A court terme, d'autres mesures devraient encore arriver, la plus probable étant une nouvelle diminution du taux directeur. Il y a une limite à cette politique, et celle-ci consiste en une perte générale de confiance dans le système monétaire.

Mais avant d'atteindre cette limite, il reste encore pas mal de marge pour davantage de stimulation. Il n'a pour l'instant pas encore été établi que la théorie fonctionne dans la pratique, mais les risques liés à cette politique sont plus petits que ce que beaucoup de personnes prétendent depuis longtemps déjà. Et la politique monétaire est-elle en mesure de faire face à des défis structurels comme le vieillissement, la problématique de la dette, le risque de stagnation économique... ? Cela reste également un point d'interrogation.

L'Europe a mis un compromis sur la table pour répondre aux exigences du Premier ministre britannique David Cameron.

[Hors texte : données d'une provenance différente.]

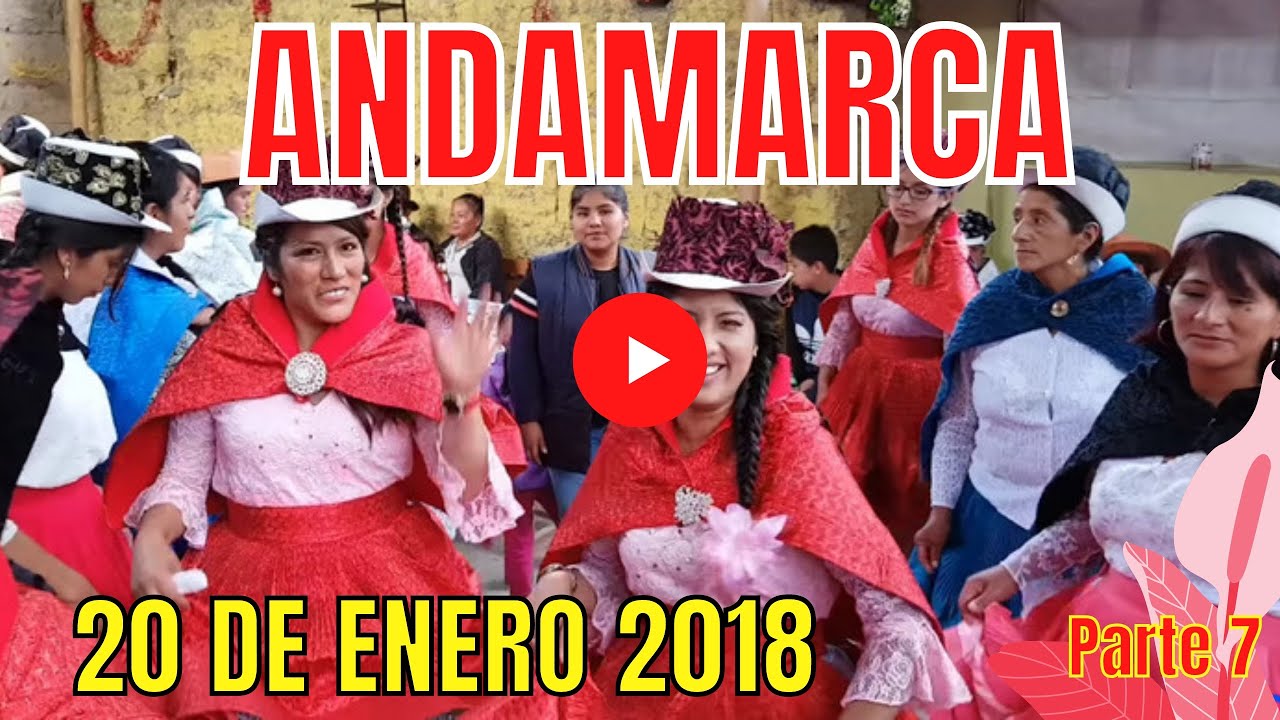 20 DE ENERO 2018 - ANDAMARCA CONCEPCIÓN (Parte 7)
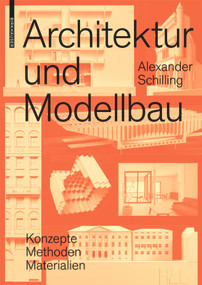 Architektur und Modellbau (Konzepte, Methoden, Materialien) (German Edition) by Alexander Schilling, 9783035614770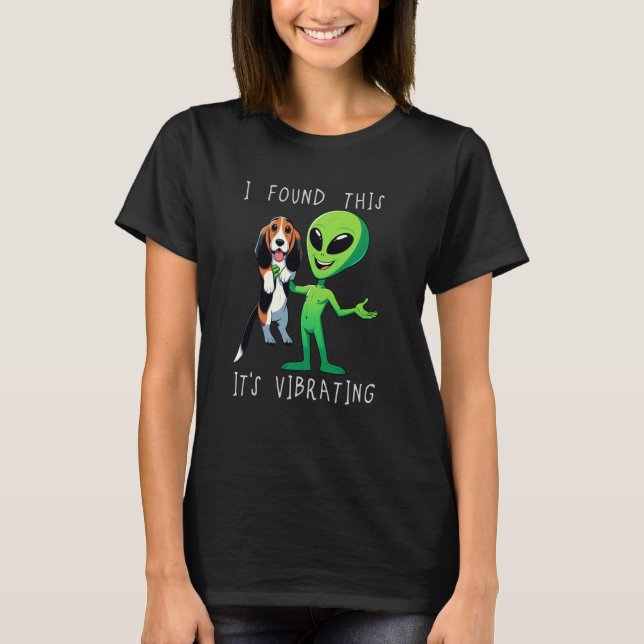 Funny Bassador Alien I Found This It Vibrating T-Shirt (Front)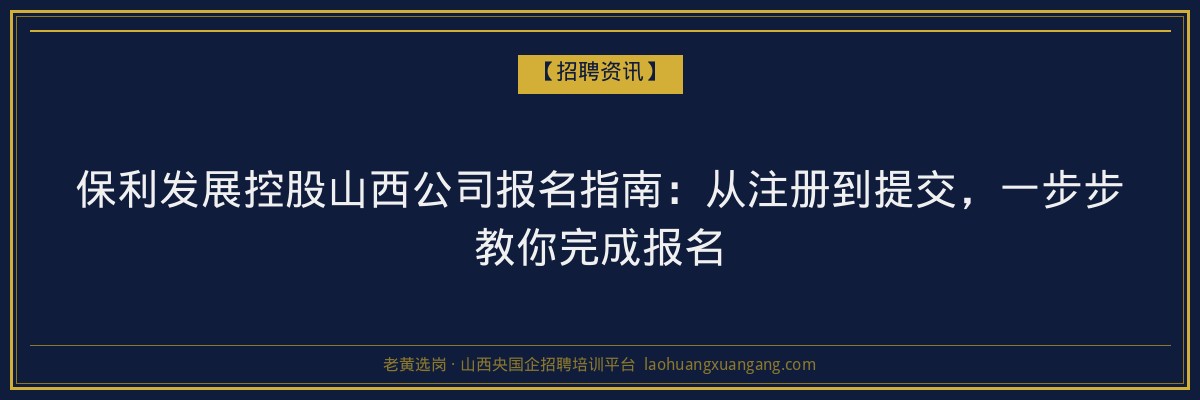 保利发展控股山西公司报名指南：从注册到提交，一步步教你完成报名 - 老黄选岗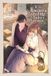 WHY RAELIANA ENDED AT DUKES MANSION GN- Why Raeliana Ended Up at the Duke's Mansion, Vol. 7
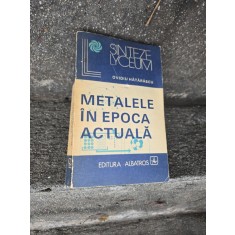 Metalele &icirc;n epoca actuală - Ovidiu Hățărascu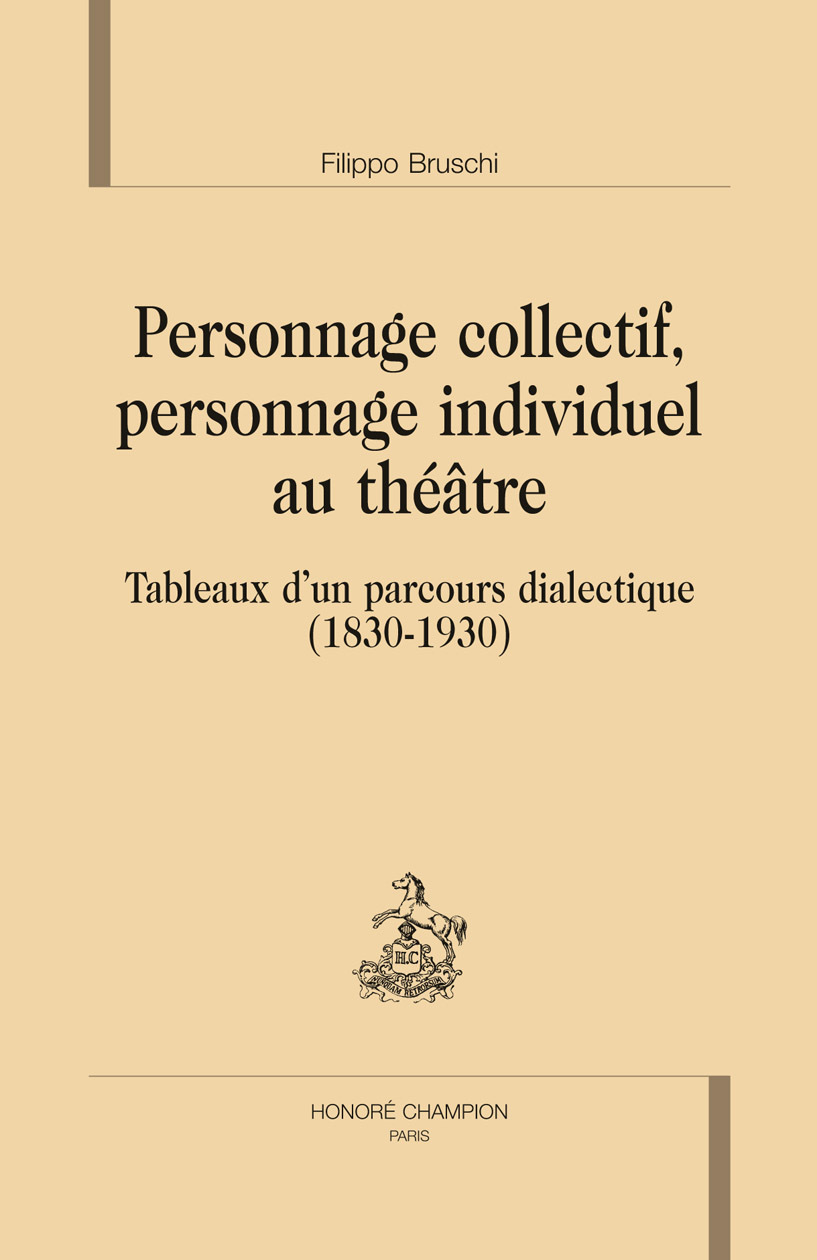 Personnage collectif, personnage individuel au théâtre - tableaux d'un parcours dialectique, 1830-1930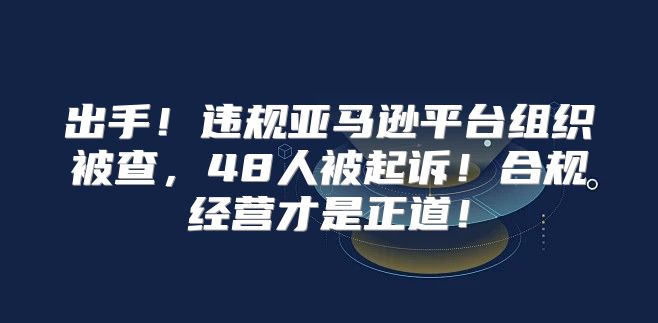 出手！违规亚马逊平台组织被查，48人被起诉！合规经营才是正道！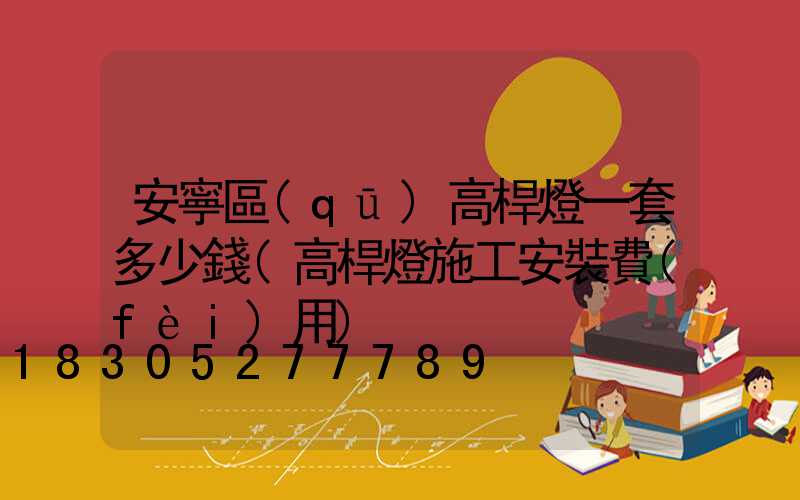 安寧區(qū)高桿燈一套多少錢(高桿燈施工安裝費(fèi)用)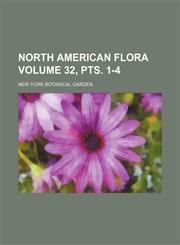 North American flora Volume 32, pts. 1-4,1155118375,9781155118376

Le Brexit est-il de ce fait une affaire classée ? A combien estimez-vous encore la chance que le Royaume-Uni sorte de l'UE ? Et que signifierait en fait un Brexit pour notre pays ?

Van Craeynest: "Malgré les récentes négociations, le Brexit n'est toujours pas une affaire classée. La question du Brexit doit encore toujours faire l'objet d'un referendum dont l'issue est très difficile à évaluer. Dans le dernier sondage, le camp 'Out' est largement en tête. Vu la tendance actuelle des électeurs en Europe (et aux Etats-Unis) à réagir contre le statu quo, un résultat 'Out' a une grande probabilité. Etant donné les enjeux économiques des liens entre le Royaume-Uni et le reste de l'UE pour les deux parties, une structure alternative serait dans ce cas plus que certainement mise en place pour permettre aux relations commerciales de rester intactes."